Town of Brighton Administrative Assistant Joel Cope said the next step is for a warned public hearing by the select board to get community input into the proposed wind development project. The select board has not yet made a decision as to their next step in the process.
Eolian also has one project underway in New Hampshire and two in Maine, in early stages of development.
Based in Portsmouth, NH, Eolian is owned by Jack and Drew Kenworthy, who started the company several years ago. The project has a co-partnership with Nordex USA, Inc., a subsidiary of Nordex Energy GmbH, an international energy conglomerate. Nordex is a manufacturer of utility scale wind turbines and is headquartered in Chicago, IL.
The Essex County wind project has the potential to generate 100 MW of power if 25 turbines are constructed, similar to the energy production estimated for First Wind's wind farm in Sheffield. That's assuming the wind towers are working 30% of the time, and Eolian is able to construct 25 towers.
On the official Eolian company web site there is mention of financial reimbursement for the three towns in which the wind farm will be located. Each town may receive approximately $25,000 per turbine a year while the wind farm is in operation. First Wind pays the Town of Sheffield $520,000 each year and will do so for 20 years, the expected life of the wind towers.
Currently, the Eolian project is in the initial stages, which includes collecting technical information about the site's capacity to produce wind as well as community outreach and education.


Be careful with this company

May 11, 2012 by armichka (not verified), 2 years 28 weeks ago
Comment: 449

Eolian pushed a project in Frankfort, Maine, only to be rebuffed by the town, which passed a wind energy facility ordinance that would have effectively kept the development company out of their town. Eolian officials were infuriated. Subsequently, the landowners have sued the town over the ordinance, hoping to force the wind development into the community despite the majority opposition to it. We have a very zealous wind power advocate here in Maine, who happens to be a law school professor, who has been advocating this lawsuit and is probably involved in it behind the scenes. I wouldn't be surprised if you could find Eolian's fingerprints on the suit, as well, if you looked hard enough.

The Vermont people in these towns would be well-advised to proceed carefully with this company.

Pay No Attention To That Man Behind The Curtain!

August 24, 2012 by tophtml (not verified), 2 years 13 weeks ago
Comment: 496

This sounds like a dispute between property owners and Frankfort, Main. In the article you cited it states:

"Bernard Madden, Kermit Allen and Wayne Allen are asking the court to issue a judgement that the wind ordinance is null and void and order the town to compensate them for the “regulatory taking” of their property rights."

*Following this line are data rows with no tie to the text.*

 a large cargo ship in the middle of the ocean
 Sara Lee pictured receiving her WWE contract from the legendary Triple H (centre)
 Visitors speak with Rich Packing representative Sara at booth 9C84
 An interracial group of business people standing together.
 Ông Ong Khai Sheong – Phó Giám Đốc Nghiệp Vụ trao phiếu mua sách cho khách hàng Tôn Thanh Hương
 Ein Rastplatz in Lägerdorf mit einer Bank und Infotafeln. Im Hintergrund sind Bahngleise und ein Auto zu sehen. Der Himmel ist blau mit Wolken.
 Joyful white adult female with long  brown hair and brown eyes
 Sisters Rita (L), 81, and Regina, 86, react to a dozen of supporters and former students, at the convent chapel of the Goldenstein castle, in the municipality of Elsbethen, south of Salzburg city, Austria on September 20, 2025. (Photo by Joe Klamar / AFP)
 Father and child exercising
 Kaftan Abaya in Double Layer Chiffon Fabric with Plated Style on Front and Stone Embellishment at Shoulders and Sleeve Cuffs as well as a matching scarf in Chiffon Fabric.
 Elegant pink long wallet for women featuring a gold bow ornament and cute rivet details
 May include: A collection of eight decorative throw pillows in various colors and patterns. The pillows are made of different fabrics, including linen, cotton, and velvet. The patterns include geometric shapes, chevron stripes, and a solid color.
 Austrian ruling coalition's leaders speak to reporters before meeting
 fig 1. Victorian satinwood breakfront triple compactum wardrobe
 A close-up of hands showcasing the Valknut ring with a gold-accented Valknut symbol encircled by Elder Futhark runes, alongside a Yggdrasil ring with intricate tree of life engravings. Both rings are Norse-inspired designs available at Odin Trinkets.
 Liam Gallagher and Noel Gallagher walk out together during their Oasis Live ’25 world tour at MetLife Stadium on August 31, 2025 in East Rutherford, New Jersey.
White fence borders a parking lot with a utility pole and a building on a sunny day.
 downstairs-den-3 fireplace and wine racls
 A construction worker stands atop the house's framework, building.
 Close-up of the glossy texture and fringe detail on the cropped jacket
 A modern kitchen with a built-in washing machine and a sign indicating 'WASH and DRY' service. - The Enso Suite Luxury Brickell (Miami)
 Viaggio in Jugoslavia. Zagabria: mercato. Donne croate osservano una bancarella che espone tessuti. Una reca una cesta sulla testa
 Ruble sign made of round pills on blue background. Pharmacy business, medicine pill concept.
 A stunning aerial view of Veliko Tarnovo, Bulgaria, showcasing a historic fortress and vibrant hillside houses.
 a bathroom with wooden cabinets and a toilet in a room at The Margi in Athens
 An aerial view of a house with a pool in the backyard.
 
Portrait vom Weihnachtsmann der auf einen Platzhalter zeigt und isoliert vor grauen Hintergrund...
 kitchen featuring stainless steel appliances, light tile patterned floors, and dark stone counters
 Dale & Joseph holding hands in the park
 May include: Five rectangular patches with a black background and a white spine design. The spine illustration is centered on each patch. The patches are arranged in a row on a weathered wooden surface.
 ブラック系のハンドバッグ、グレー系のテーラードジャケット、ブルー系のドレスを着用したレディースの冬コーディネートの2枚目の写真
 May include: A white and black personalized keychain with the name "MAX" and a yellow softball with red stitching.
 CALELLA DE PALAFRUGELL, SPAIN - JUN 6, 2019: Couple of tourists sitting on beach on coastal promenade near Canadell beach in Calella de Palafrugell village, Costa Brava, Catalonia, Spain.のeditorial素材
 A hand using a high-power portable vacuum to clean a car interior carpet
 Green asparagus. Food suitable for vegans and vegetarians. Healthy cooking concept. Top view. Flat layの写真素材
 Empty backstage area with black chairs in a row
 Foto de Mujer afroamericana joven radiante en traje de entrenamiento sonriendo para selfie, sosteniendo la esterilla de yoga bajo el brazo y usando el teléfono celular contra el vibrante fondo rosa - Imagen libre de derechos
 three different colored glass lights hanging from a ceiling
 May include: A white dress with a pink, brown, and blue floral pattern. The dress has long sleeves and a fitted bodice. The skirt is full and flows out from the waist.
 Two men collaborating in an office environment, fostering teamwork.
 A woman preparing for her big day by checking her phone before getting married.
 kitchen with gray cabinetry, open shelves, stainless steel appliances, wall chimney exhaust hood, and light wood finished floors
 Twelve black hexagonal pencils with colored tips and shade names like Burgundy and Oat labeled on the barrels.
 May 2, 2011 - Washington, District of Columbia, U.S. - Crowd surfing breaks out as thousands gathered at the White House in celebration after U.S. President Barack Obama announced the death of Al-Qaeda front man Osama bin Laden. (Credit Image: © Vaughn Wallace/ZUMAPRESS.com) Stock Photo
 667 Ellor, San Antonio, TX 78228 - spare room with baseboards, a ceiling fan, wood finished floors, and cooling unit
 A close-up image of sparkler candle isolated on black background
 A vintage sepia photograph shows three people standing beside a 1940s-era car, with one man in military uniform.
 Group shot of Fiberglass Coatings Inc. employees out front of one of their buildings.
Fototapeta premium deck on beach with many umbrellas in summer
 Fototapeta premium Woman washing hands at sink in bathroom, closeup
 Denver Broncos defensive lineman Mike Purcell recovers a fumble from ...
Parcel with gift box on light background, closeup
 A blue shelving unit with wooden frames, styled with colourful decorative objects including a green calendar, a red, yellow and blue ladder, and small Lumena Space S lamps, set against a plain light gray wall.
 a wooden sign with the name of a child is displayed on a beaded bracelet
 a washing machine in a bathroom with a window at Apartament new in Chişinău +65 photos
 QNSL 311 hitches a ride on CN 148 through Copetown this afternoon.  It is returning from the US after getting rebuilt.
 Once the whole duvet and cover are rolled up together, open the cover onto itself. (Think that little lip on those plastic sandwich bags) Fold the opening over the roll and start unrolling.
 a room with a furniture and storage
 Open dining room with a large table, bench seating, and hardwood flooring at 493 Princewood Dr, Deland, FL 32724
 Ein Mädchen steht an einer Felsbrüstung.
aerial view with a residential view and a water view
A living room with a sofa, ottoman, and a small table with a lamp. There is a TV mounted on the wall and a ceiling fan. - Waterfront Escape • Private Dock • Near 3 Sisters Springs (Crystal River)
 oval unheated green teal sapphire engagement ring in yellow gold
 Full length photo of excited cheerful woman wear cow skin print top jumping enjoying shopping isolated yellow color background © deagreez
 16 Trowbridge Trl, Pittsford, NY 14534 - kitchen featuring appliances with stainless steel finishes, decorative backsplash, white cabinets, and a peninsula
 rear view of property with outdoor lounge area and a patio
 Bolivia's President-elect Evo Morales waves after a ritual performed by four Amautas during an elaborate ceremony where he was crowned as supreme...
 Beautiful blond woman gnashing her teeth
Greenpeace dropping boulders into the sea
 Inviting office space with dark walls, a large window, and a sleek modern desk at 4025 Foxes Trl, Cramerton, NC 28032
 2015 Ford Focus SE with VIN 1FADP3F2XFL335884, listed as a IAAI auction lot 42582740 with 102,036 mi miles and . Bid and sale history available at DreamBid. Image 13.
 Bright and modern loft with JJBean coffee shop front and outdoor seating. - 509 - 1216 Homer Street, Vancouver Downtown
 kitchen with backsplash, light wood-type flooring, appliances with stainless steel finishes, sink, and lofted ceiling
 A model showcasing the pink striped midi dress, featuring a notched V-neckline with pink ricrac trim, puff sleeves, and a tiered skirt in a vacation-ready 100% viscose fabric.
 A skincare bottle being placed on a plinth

Since they leased Eloian the land upon which the wind towers would be built and now the ordinance places the project in jeopardy, negatively effecting the income of the three plaintiffs, it is reasonable to presume that Eloian didn't have to prod the three plaintiffs into a lawsuit - lost revenue did that all by itself.

While there may be people working behind the scenes to make the turbines happen, I would say that there is more than enough motivation which places the smoking gun squarely in the hands of the plaintiffs without involving the power contractor.

I would be more wary of those who choose to live a technological, electricity based lifestyle all the while endlessly complain about the way in which the energy is generated.